--- ENTRIES SUPPLIED ---
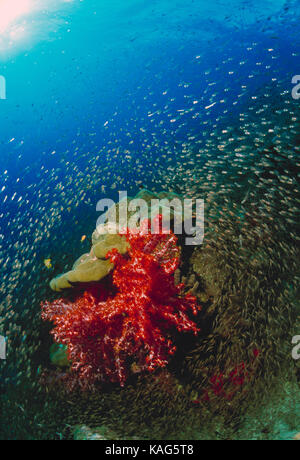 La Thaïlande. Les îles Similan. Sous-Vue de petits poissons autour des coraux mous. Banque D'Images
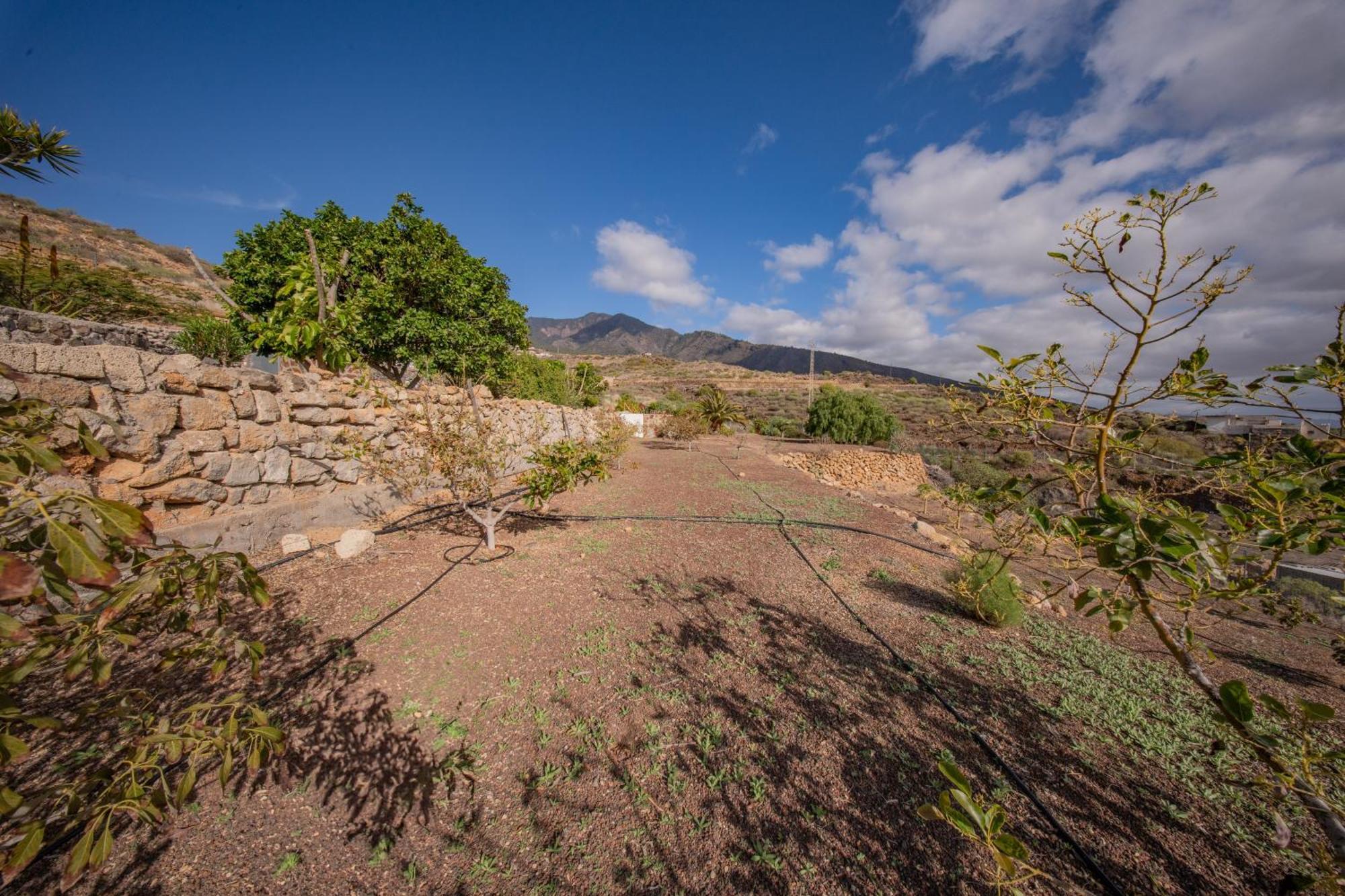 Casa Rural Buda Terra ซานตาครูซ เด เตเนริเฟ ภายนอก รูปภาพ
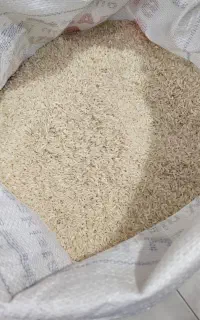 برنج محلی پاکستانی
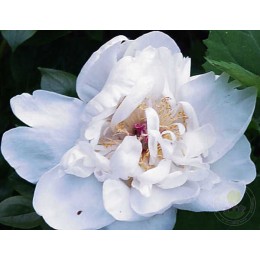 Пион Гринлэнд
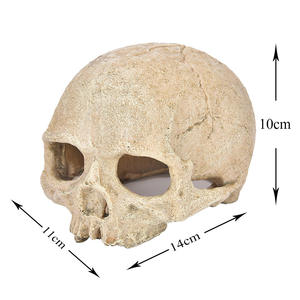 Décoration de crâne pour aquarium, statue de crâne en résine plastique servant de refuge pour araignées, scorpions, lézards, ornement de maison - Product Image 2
---
--- ENTRIES SUPPLIED ---
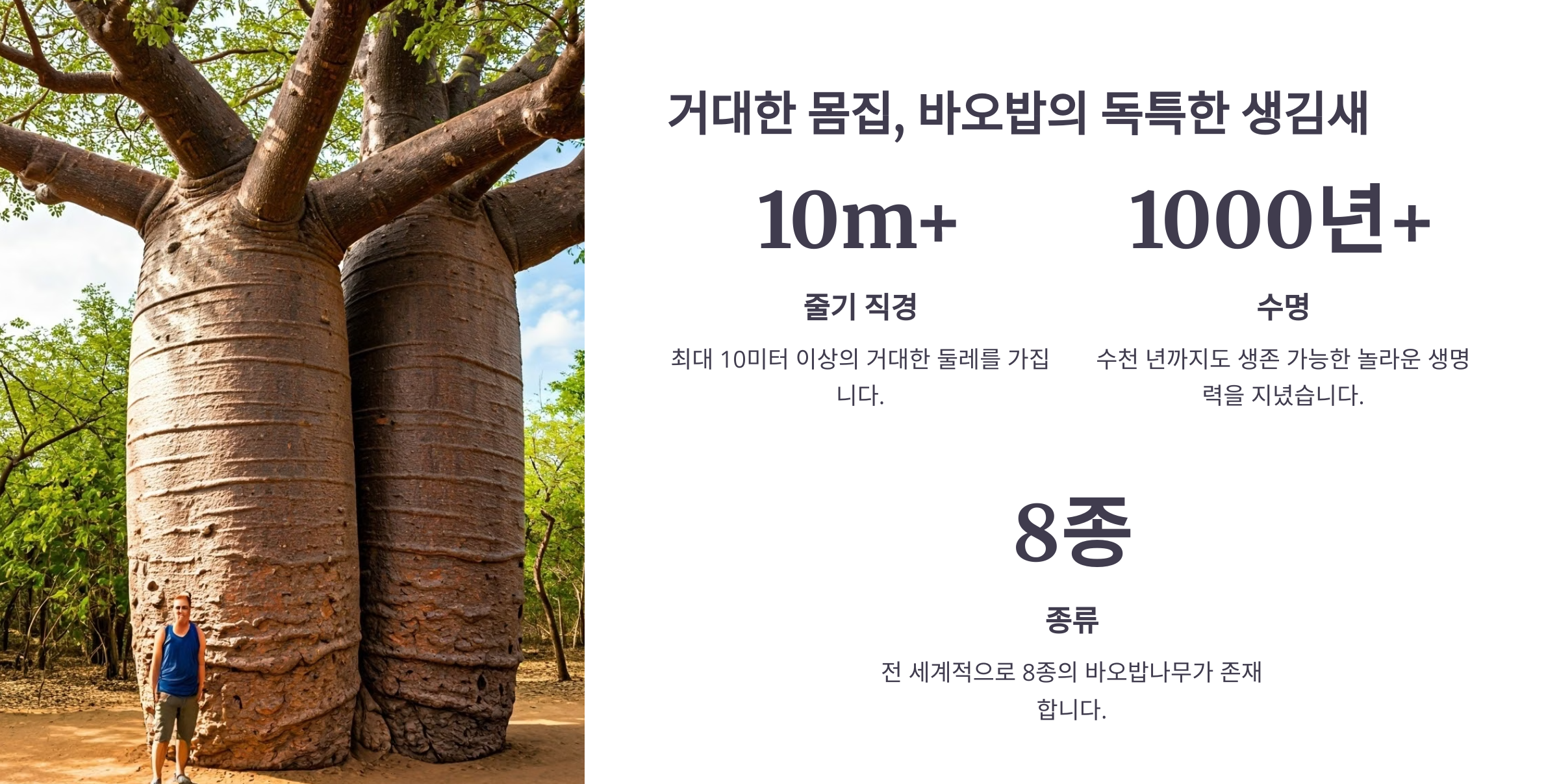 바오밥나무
---
DIRECTIONS FOR THIS TASK: Working from the records above, set down word for word everything from the line containing "Пион Гринлэнд" down to the line containing "Décoration de crâne", ends included, minus the pictures.

ANSWER FOR THIS EXERCISE:
 Пион Гринлэнд
 Décoration de crâne pour aquarium, statue de crâne en résine plastique servant de refuge pour araignées, scorpions, lézards, ornement de maison - Product Image 2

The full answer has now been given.